Basically, I want the functionality of a javascript enabled wget, for one page (not mirroring), but can't seem to make it happen.


Any ideas? Alternatives? Intimate knowledge of non-gui use of browsers? Has anyone done this before? Tips? Tools that might help me which I've not mentioned here?

Help?


no photo
Wed 12/29/10 01:14 AM
In case my way of expressing myself is unclear, this person was asking a very similar question....

http://www.linuxquestions.org/questions/linux-software-2/wget-replacement-that-understands-javascript-121396/

no photo
Wed 12/29/10 01:22 AM
Grr... I wasn't able to find anything useful on google the last few times I looked, but after posting this question I finally found the following, which is somewhat helpful. HtmlUnit, maybe.

http://stackoverflow.com/questions/1106268/command-line-url-fetch-with-javascript-capabliity

Still interested in hearing tips from anyone whose already done this exact thing...

no photo
Thu 12/30/10 05:15 PM
Well I'm still stuck.
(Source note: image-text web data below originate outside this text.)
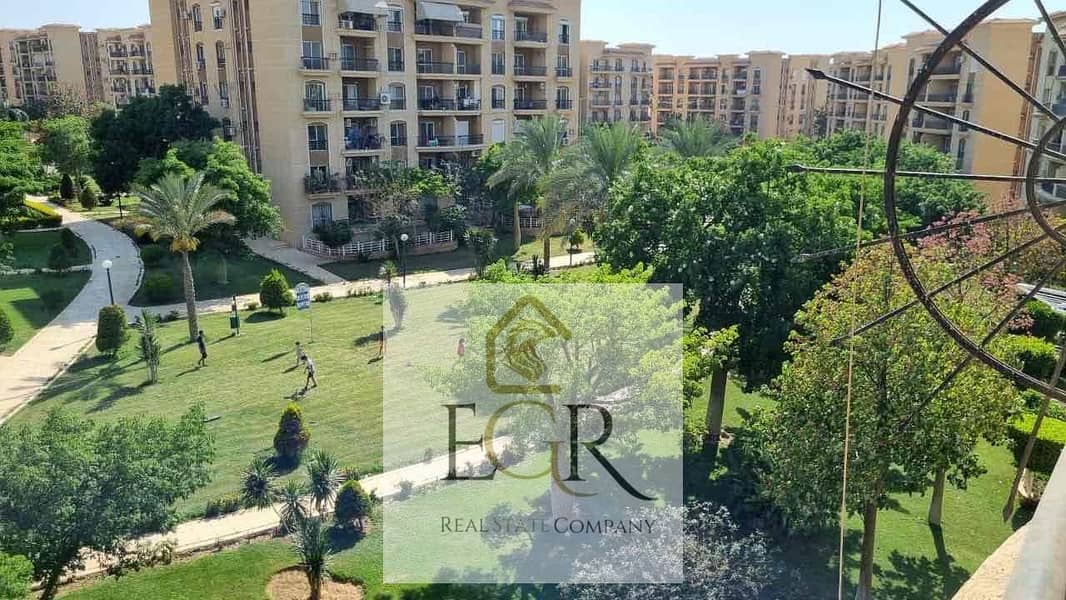 2 45e75274-7851-497c-a947-3f1e70d738c5. jpg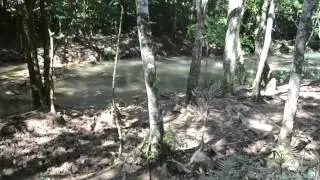 DSC 0212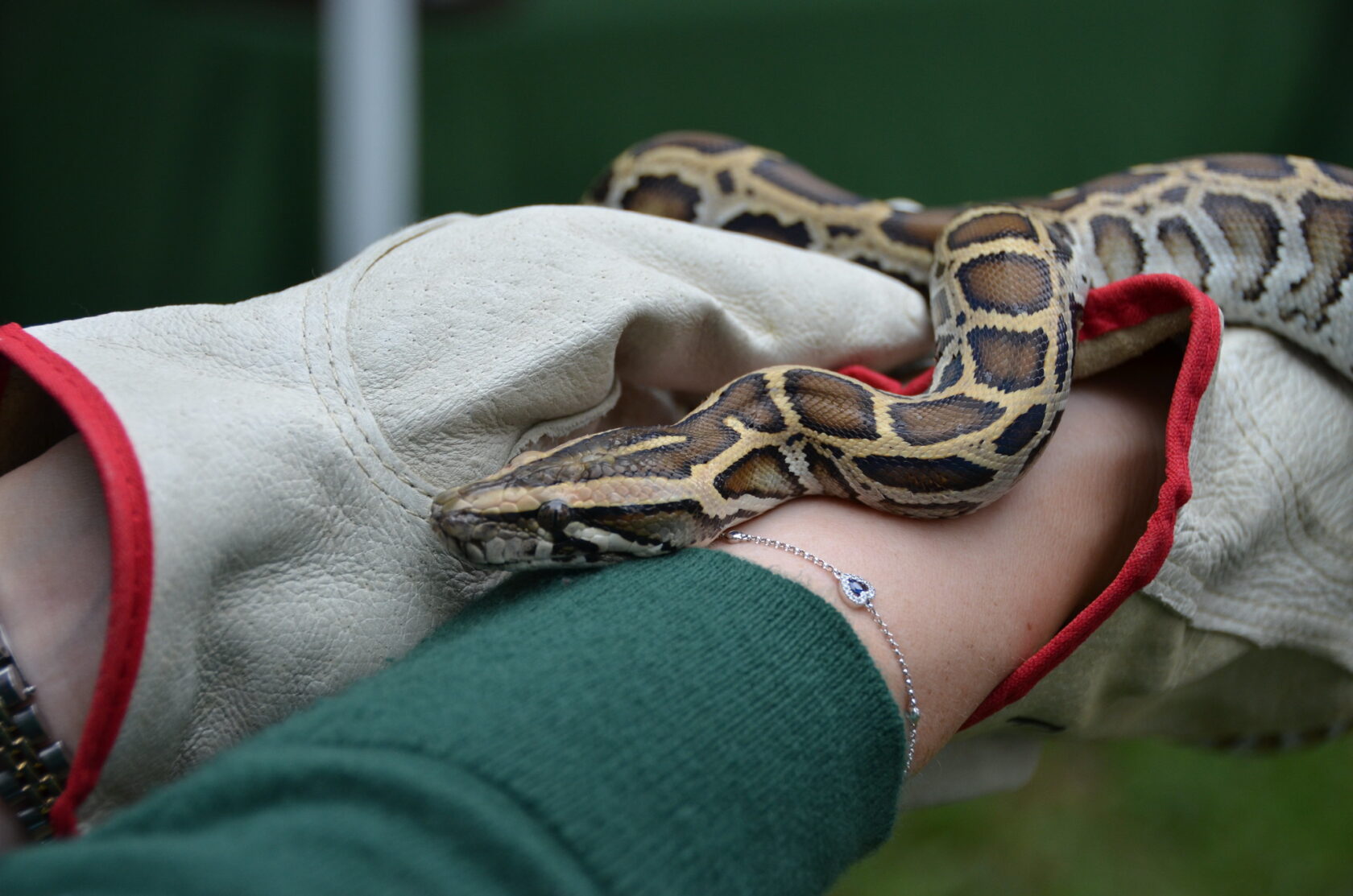 Feeling Lucky? Enter To Win A Python Hunt - Fish & Wildlife Foundation ...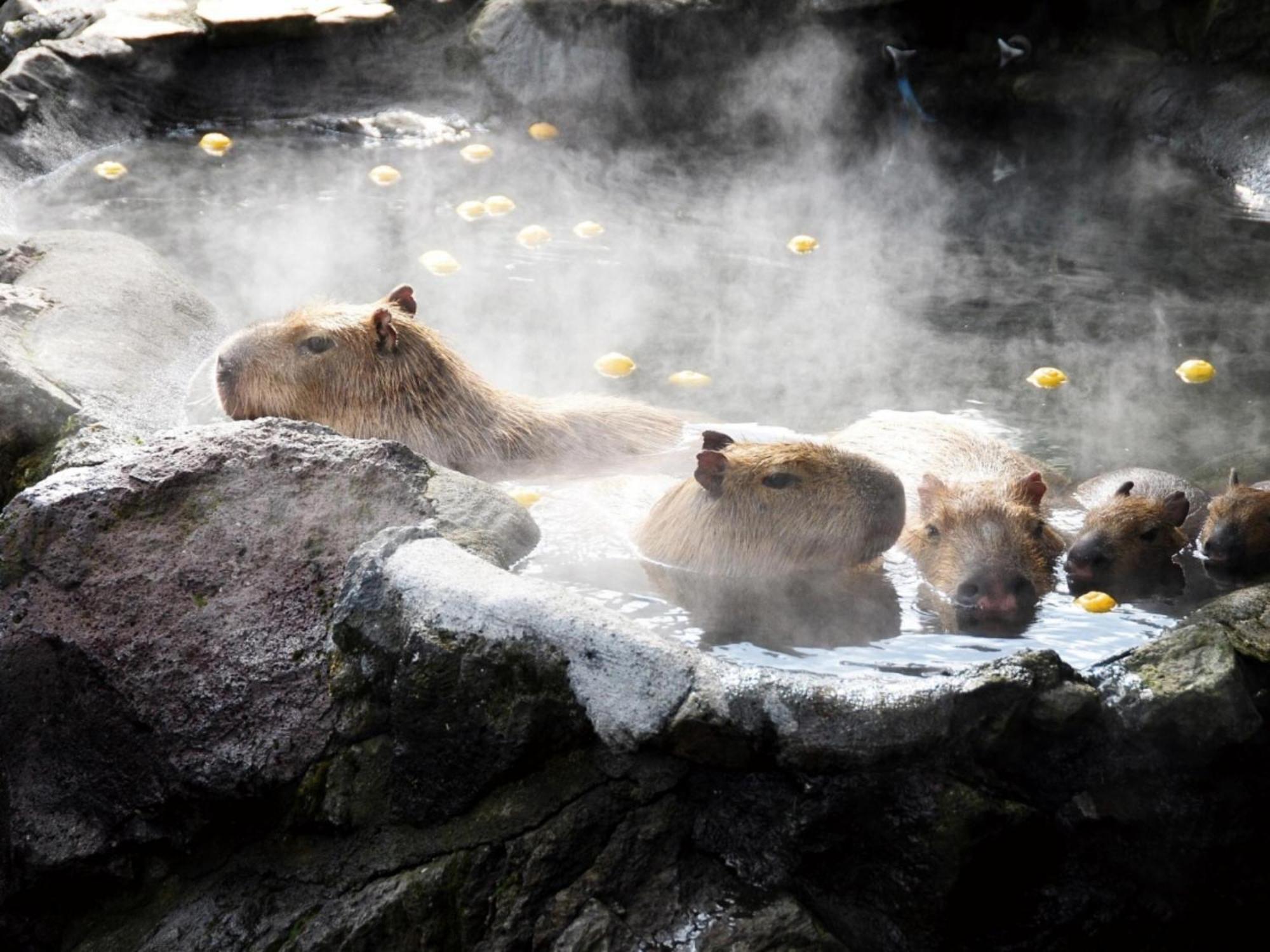 Shuzenji Onsen Hotel Takitei Идзу Экстерьер фото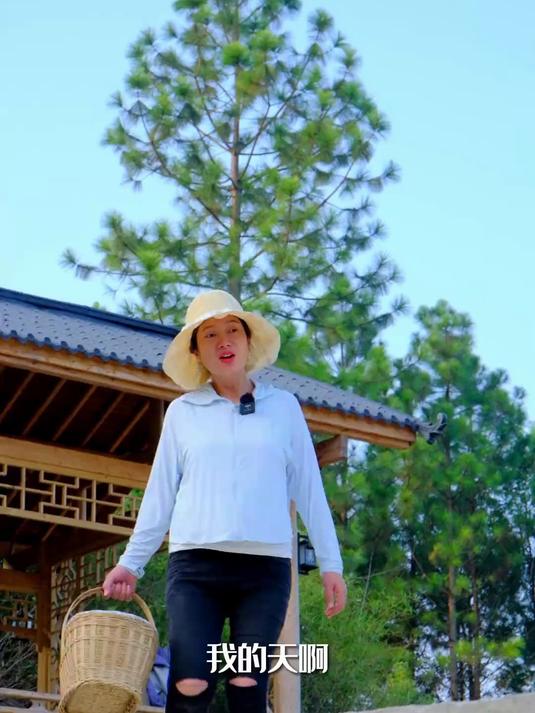 老李用一车鹅卵石给鱼池做装饰,花了三天时间才贴出来一条小路
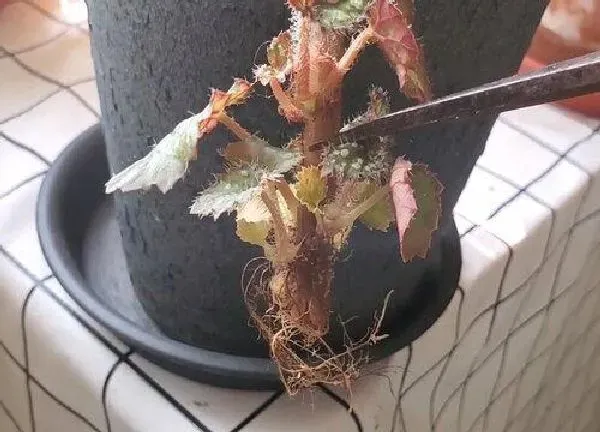 植物扦插|秋海棠的扦插方法图解 几月适合扦插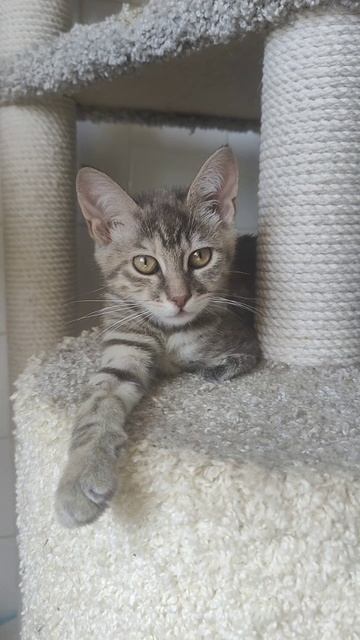 Гармония. теперь ее так зовут. Выжила и радует меня каждый день.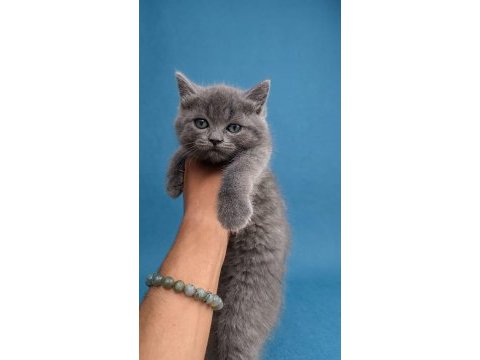 2 aylık tuvalet eğitimli british shorthair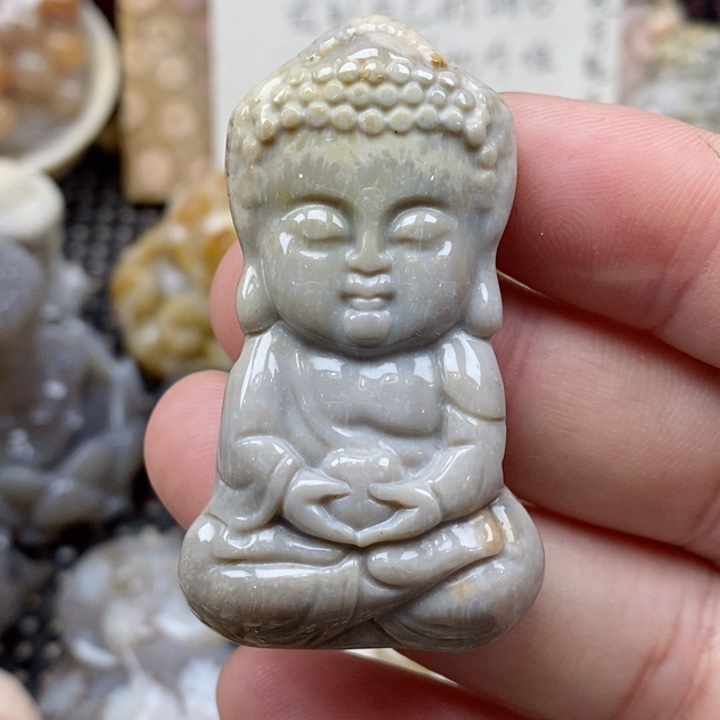 颈饰未镶嵌硅化珊瑚（珊瑚玉）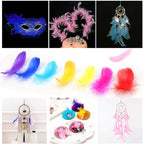 200pcs Natural Goose Feathers 6-12cm – Craft, Millinery, Wedding & DIY Decoration (11 Colours)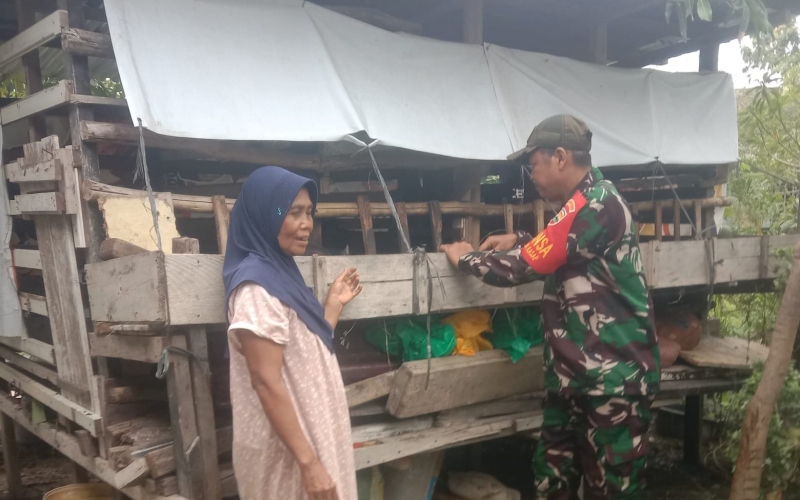 Begini Upaya Pencegahan Wabah PMK oleh Babinsa Koramil 01 Dumai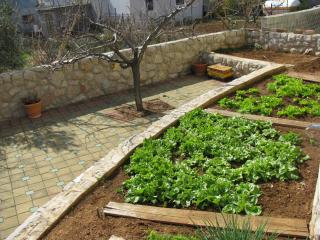 Apartments with a parking space Tribunj, Vodice - 13174 - 1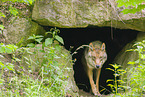 eurasian greywolf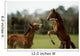 Thoroughbred Foals Playing, Ireland Wall Mural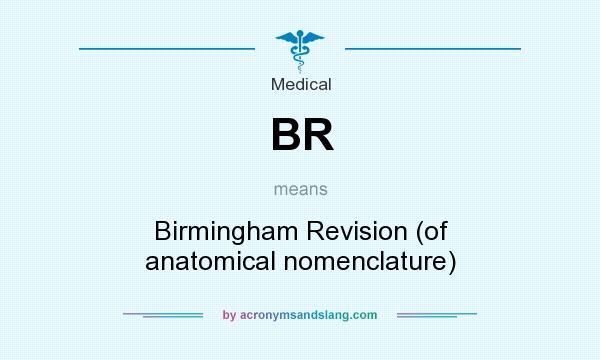 What does BR mean? It stands for Birmingham Revision (of anatomical nomenclature)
I don't want to go the 'automate a GUI' route, it seems messy and I can't scp that code to any ol' remote server for execution.

I tried using firefox's liveheaders to see which urls were called with which post data with which cookies set, and faked it as best i could using wget, only to get the same stub of a main page returned, without the data.

i may install ruby and try watir, but i'm still hoping someone on this site has done this kind of thing before.

anyone?

Allaboutmetoo's photo
Fri 12/31/10 01:18 PM
if you go to the site date hookup into the computer nerds forum those guys are guru's...hope this helps

no photo
Sat 01/01/11 03:21 PM

if you go to the site date hookup into the computer nerds forum those guys are guru's...hope this helps


Are you saying that the geeks on another site are smarter than the geeks on this site? :tongue:

(Thank you for the suggestion)